Biosecurity experts join forces to protect NZ
Monday 28 June 2004
Biosecurity experts join forces to protect New Zealand
New Zealand’s place in global efforts to “stem the tide of invasive species” will be highlighted at a national biosecurity conference with an international flavour in Rotorua next month.
The New Zealand Biosecurity Institute and the Vertebrate Pest Management Institute of New Zealand, supported by Environment Bay of Plenty, have organised three days of talks, workshops and field trips from July 21 to 23.
With two biosecurity experts from Australia and another from the Ministry for the Environment in Japan, the event will have “some real global input”, says Lynley Hayes, President of the New Zealand Biosecurity Institute.
Mr Tetsuro Uesugi, Biodiversity Coordinator for Japan’s Ministry of the Environment, will outline the biosecurity threats facing Japan and new measures being introduced at a national level to address them.
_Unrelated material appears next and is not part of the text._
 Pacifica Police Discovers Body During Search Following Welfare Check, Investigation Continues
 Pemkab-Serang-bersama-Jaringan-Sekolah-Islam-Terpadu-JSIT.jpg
Other international speakers are Australia’s Dr Mark Lonsdale, chairman of the Global Invasive Species Programme and Sarah Russell from Australian Quarantine Inspection Services. They will be joined by Dr Mick Clout, the founding chair of the Invasive Species Specialist Group, which is based in Auckland but has a global focus.
The conference will also involve a range of New Zealand specialists, some of them considered world leaders in their particular fields.
The programme will look at international biosecurity issues and New Zealand’s role in the world, including the strengths and weaknesses of its biosecurity systems. Other topics include controlling the Himalayan thar, saltmarsh mosquito eradication, and invasive plant imports.
Government departments, regional councils, research institutes, private biosecurity providers, universities and community groups are usually represented at the annual education and training seminar. “It’s a chance for all those working in the field of biosecurity to network and share experiences and ideas,” Ms Hayes explains.
This year’s theme, Biosecurity for Biodiversity, looks at the core reason for all biosecurity work. “It’s all about biodiversity. That’s why we go to such efforts to keep new invasive alien species and organisms out of New Zealand - and why we continue to manage the ones already here. It’s because we want to protect the biodiversity of this amazing environment.”